## Recorded information
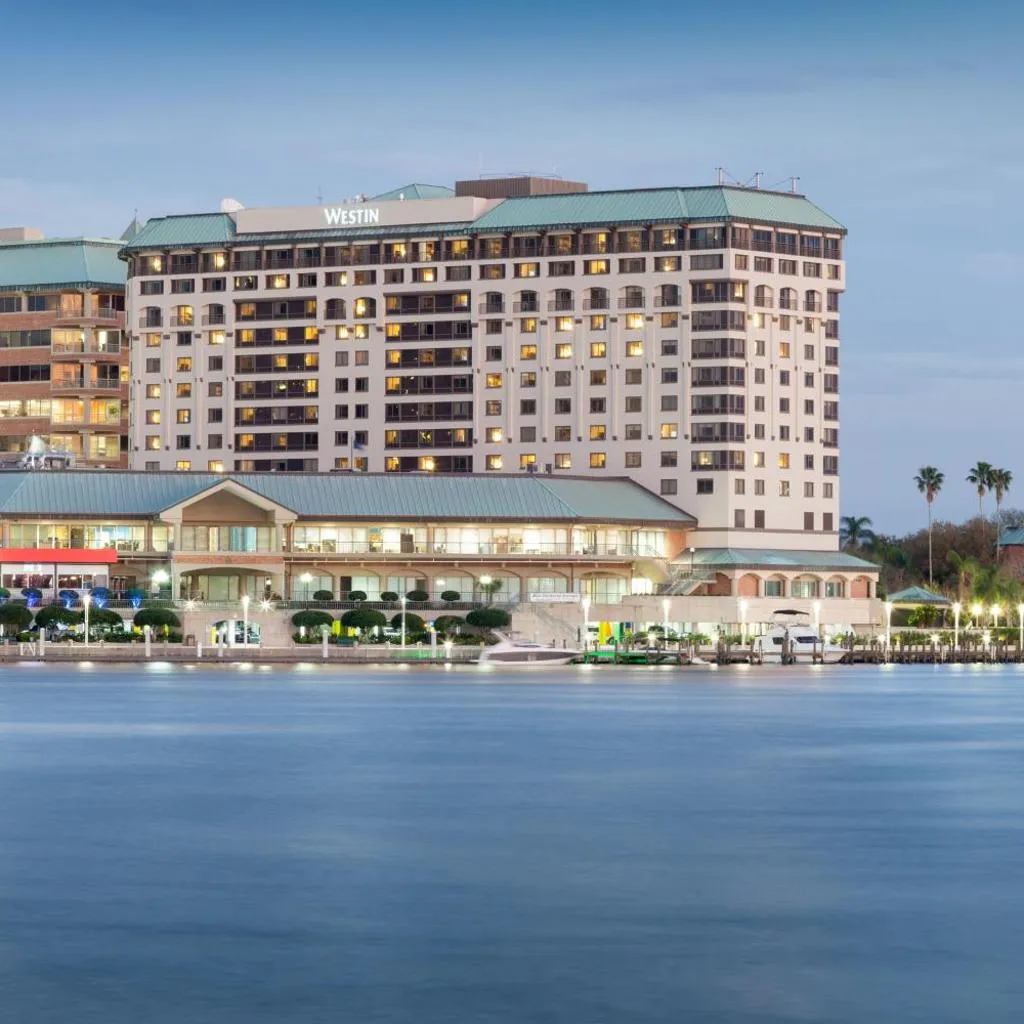 Photograph of Westin Tampa Downtown Waterside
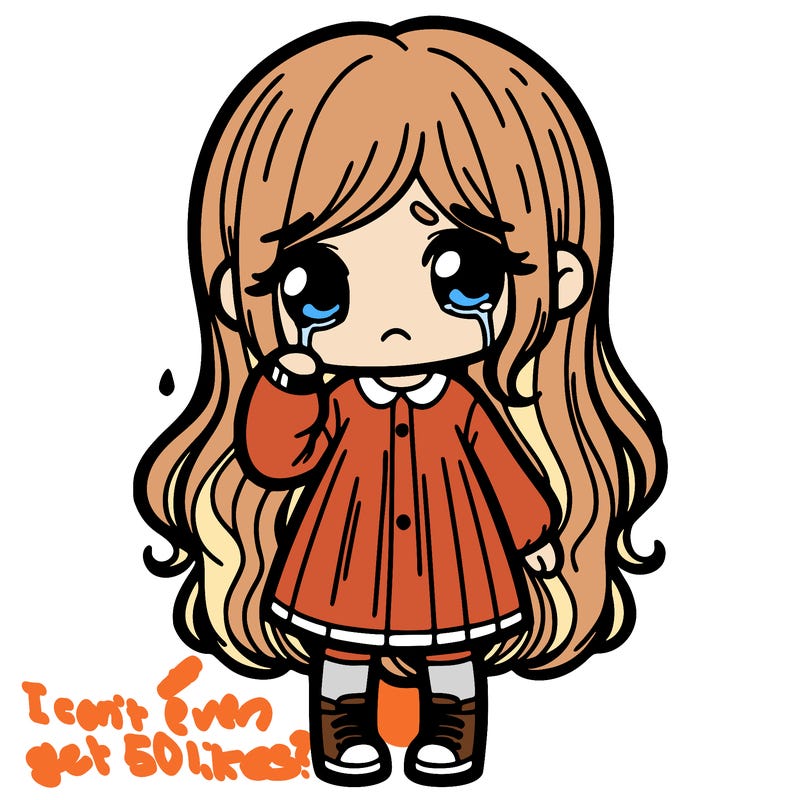 sad girl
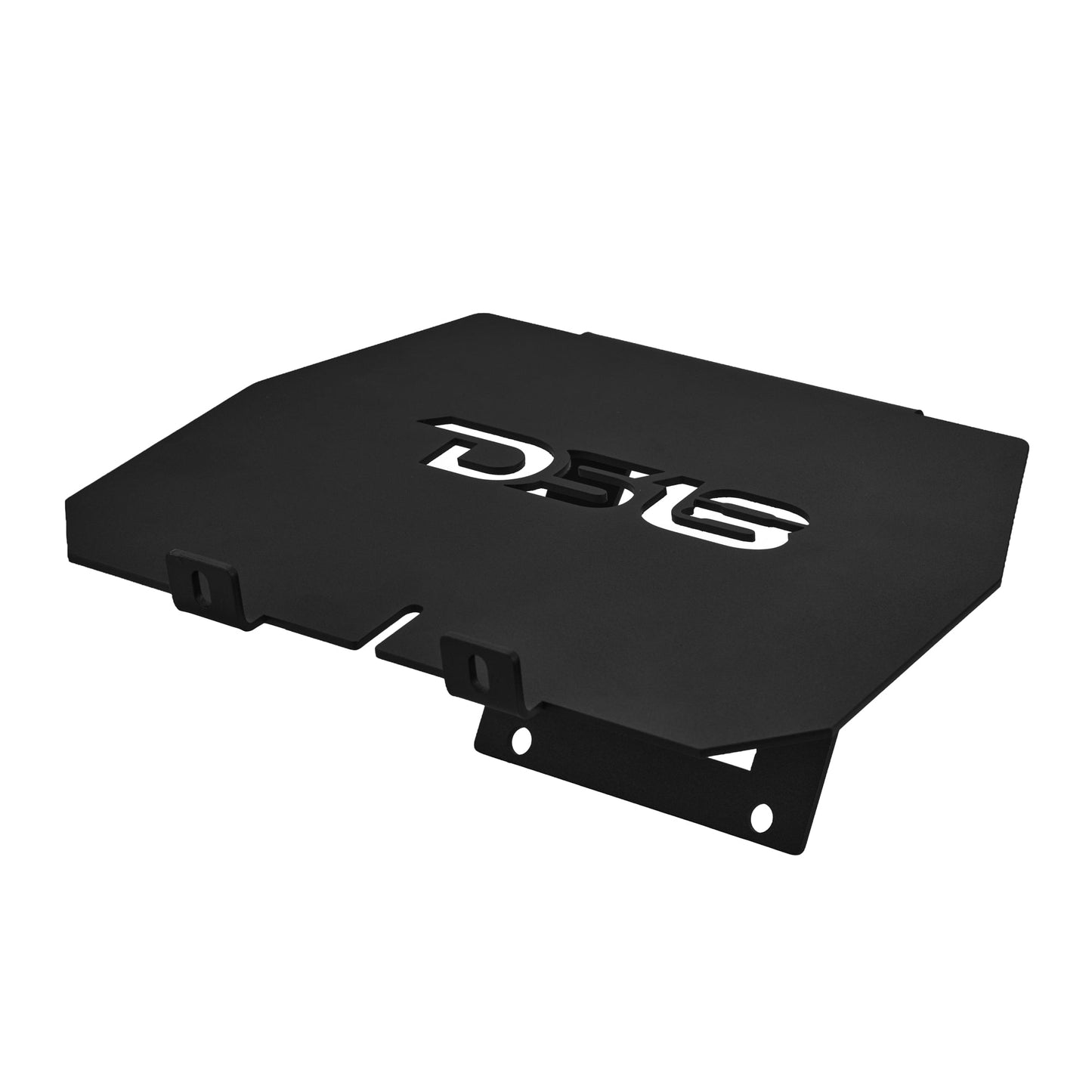 Harley-Davidson Road Glide Amplifier Rack for models 2014–2023.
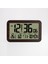 Ahşap Desenli Alarm Saat H180H Sıcaklık Nem Göstericisi (Yurt Dışından) 2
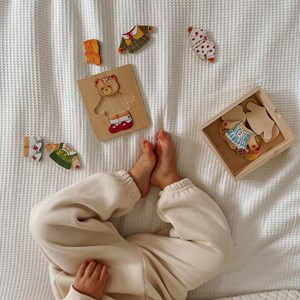 Habillage en bois mme ours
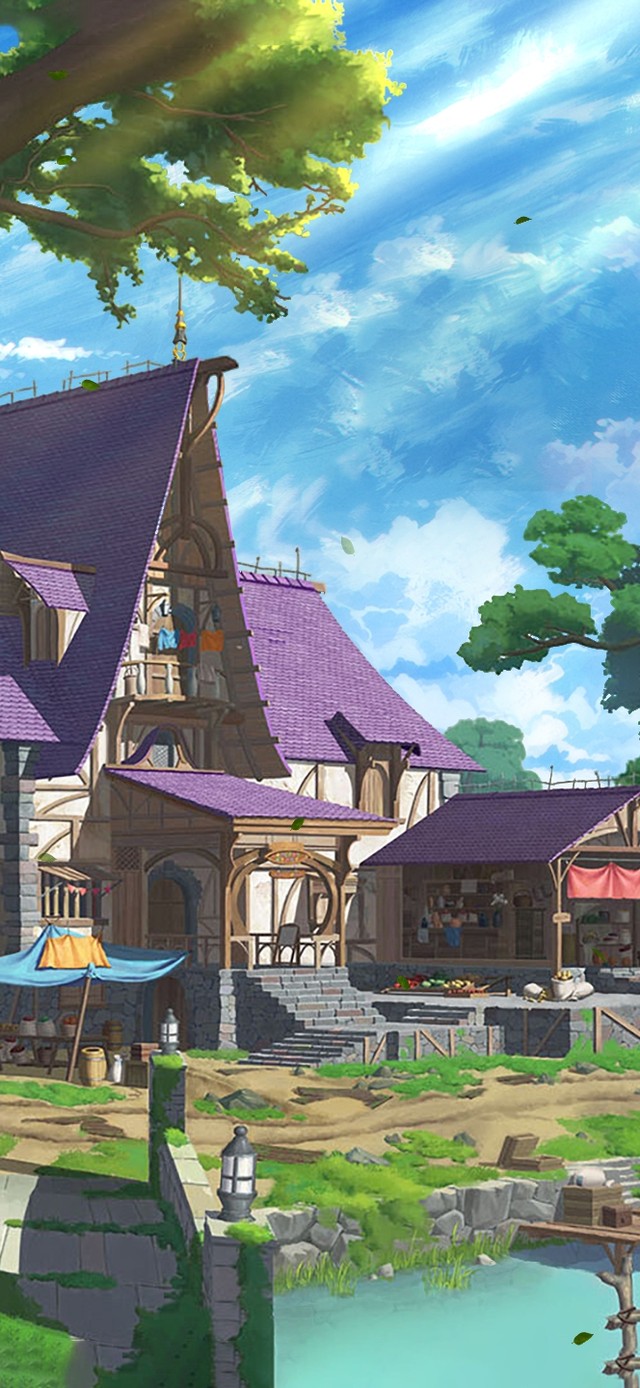 治愈乡村杂货铺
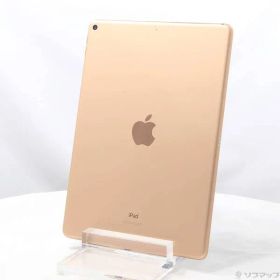 ソフマップ 〔中古品〕 iPad Air 第3世代 256GB ゴールド MUUT2J／A Wi-Fi【377】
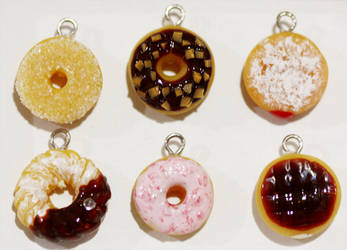 Donut Selection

## Requirement
The required answer is the lines from the one that contains "Harley-Davidson Road Glide" through the last line of the records, restated word for word, with every picture dropped.

## Output for this task
 Harley-Davidson Road Glide Amplifier Rack for models 2014–2023.
 Ahşap Desenli Alarm Saat H180H Sıcaklık Nem Göstericisi (Yurt Dışından) 2
 Habillage en bois mme ours
 治愈乡村杂货铺
 ソフマップ 〔中古品〕 iPad Air 第3世代 256GB ゴールド MUUT2J／A Wi-Fi【377】
 Donut Selection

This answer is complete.